Per incentivare i dipendenti all’uso delle due ruote, però, è necessario che le aziende si dotino di qualche piccola accortezza: “Sono già sufficienti un parcheggio interno per il mezzo, che metta a riparo dai furti e un piccolo armadietto in cui poter tenere una maglietta di ricambio. Si tratta di misure di welfare aziendale che pesano sull’impresa molto meno di un abbonamento in palestra, ma che i dipendenti apprezzano molto”.
Una tutela fondamentale è poi quella che riguarda la legge sull’infortunio in itinere, una copertura garantita dall’Inail nel caso in cui l’incidente avviene durante il tragitto casa-lavoro: “È una norma che si conosce ancora poco e noi come Fiab lavoriamo perché si sappia che chi va a lavorare in bicicletta è sempre coperto da questo tipo di tutela”.

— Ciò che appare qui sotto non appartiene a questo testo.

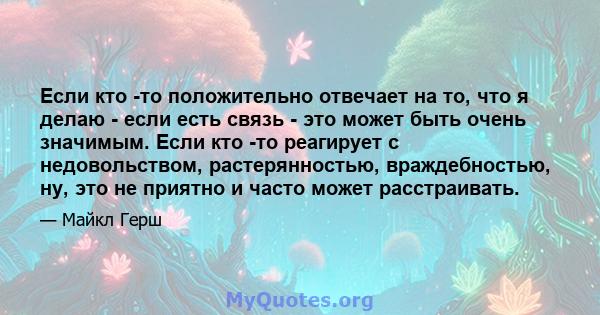 Если кто -то положительно отвечает на то, что я делаю - если есть связь - это может быть очень значимым. Если кто -то реагирует с недовольством, растерянностью, враждебностью, ну, это не приятно и часто может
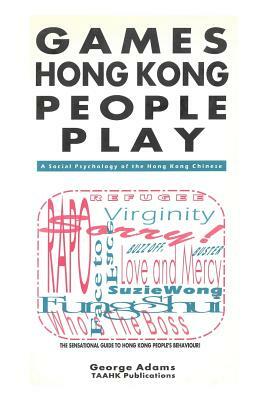 Games Hong Kong People Play: A Social Psychology of the Hong Kong People by George Adams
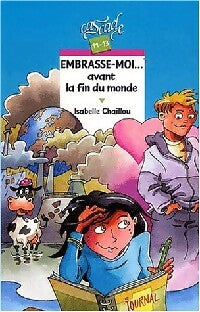 Livrenpoche : Embrasse-moi... avant la fin du monde - Isabelle Chaillou - Livre
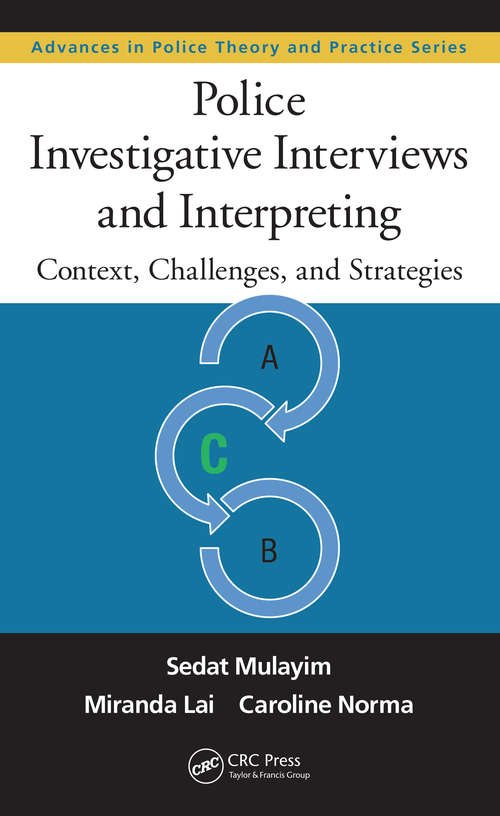 Book cover of Police Investigative Interviews and Interpreting: Context, Challenges, and Strategies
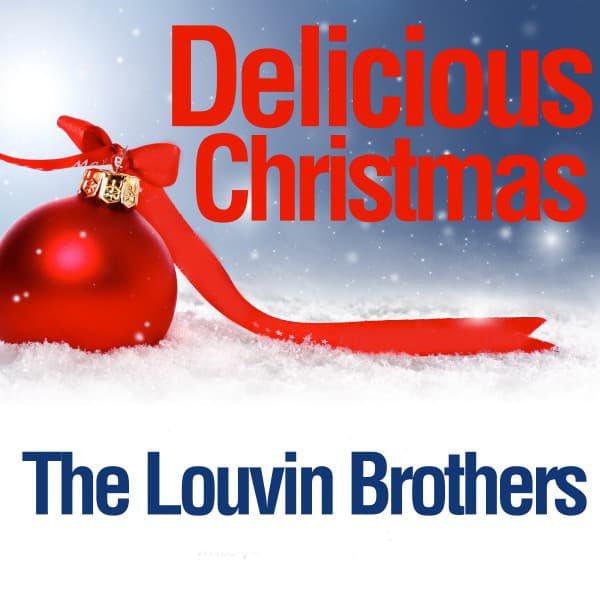Delicious Christmas - The Louvin Brothers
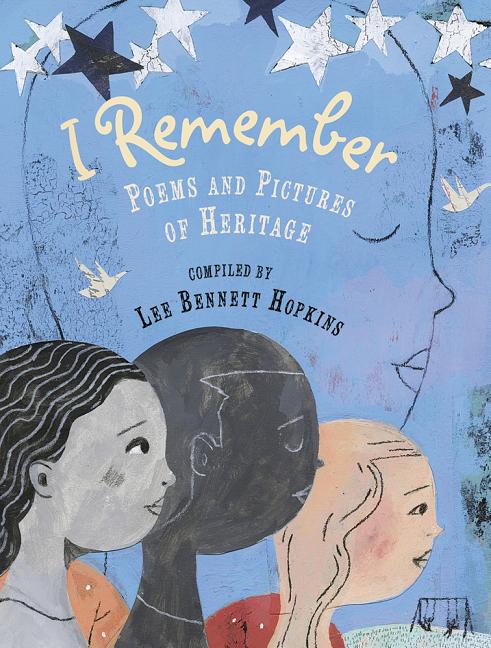 I Remember: Poems and Pictures of Heritage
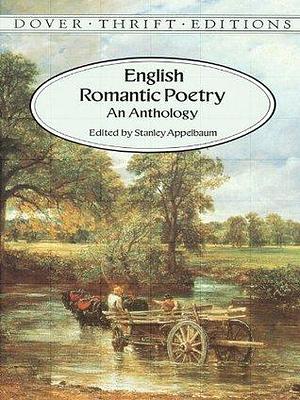 English Romantic Poetry: An Anthology by William Wordsworth, William Blake, William Blake, William Blake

Aziende e amministrazioni, una partita tutta da giocare
Seppur l’Italia sia ancora ben lontana dagli standard dei Paesi nordeuropei per quanto concerne la diffusione e la cura dei mezzi a due ruote e delle piste ciclabili (i dati più recenti diffusi dagli esperti esperti del Copenhagenize Bicycle Friendly Cities Index mettevano in testa alla classifica delle 20 città più bike friendly al mondo Copenaghen, Utrecht e Amsterdam e non includevano nessuna località italiana) c’è chi si sta impegnando attivamente affinché questo mezzo non sia più soltanto di nicchia o relegato a un utilizzo da weekend e tempo libero.
Un case study interessante arriva da Andriani, azienda pugliese leader nel settore dell’innovation food, di recente premiata proprio per l’iniziativa Bike-to-work, in cui ha messo a disposizione dei propri dipendenti 65 biciclette a pedalata assistita e dotate di GPS, da utilizzare sia per raggiungere il posto di lavoro, sia nel tempo libero.
In base ai chilometri percorsi ogni mese, i lavoratori aderenti hanno ricevuto un bonus in busta paga. Nel primo anno di vita del progetto il premio erogato è stato in totale di 10.920 euro; i chilometri fatti sono stati 19.509,74; mentre i litri di carburante risparmiati sono stati 2.787.
Anche Saipem, in collaborazione con Fiab, ha organizzato incontri per diffondere una buona cultura circa gli spostamenti casa-lavoro e per spiegare ai propri dipendenti che sui percorsi brevi (cinque chilometri), la bicicletta si conferma il mezzo più veloce, senza contare il tempo risparmiato sul traffico e sul parcheggio.
A completare il quadro ci sono poi le amministrazioni; la mobilità sostenibile richiede investimenti importanti, non sempre alla portata delle finanze comunali. Eppure c’è chi sta dando il buon esempio e si sta adoperando per diffondere il culto delle due ruote. Il capostipite è stato il Comune di Massarosa, in provincia di Lucca, che già dal 2015 promuove il suo Bike-to-work.
Il meccanismo previsto dal bando è semplice: per ogni lavoratore che ha abbandonato la macchina in favore della bicicletta è previsto un rimborso di 25 centesimi a chilometro, con un tetto massimo giornaliero fissato a sei euro e uno mensile a 50 euro.
L’esempio della città toscana è stato seguito anche dai Comuni di Cesena e Cesenatico con il progetto Cambiamo marcia, a sostegno della mobilità sostenibile. Nei primi due mesi di sperimentazione i 290 nuovi ciclisti hanno percorso più di 47mila chilometri e hanno evitato di disperdere nell’aria 6,8 tonnellate di anidride carbonica.